• What you are asked to do:
Please return the listing below exactly, without any of its pictures.

• Data below:
--- START ---
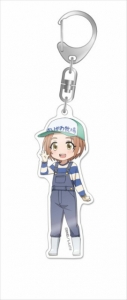 グッズ ぬいぐるみ アイドルマスター シンデレラガールズ ちょこマス 龍崎 薫 アニメイト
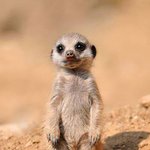 호기심 많은 귀여운 <b>미어캣</b>들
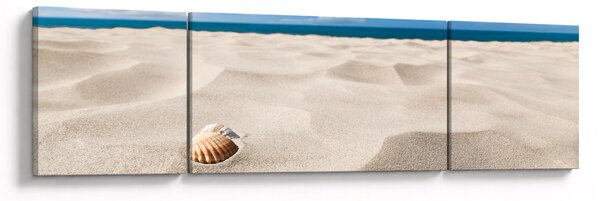 Obraz - Mušle na pláži (170x50 cm)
--- END ---
• The completed task:
 グッズ ぬいぐるみ アイドルマスター シンデレラガールズ ちょこマス 龍崎 薫 アニメイト
 호기심 많은 귀여운 <b>미어캣</b>들
 Obraz - Mušle na pláži (170x50 cm)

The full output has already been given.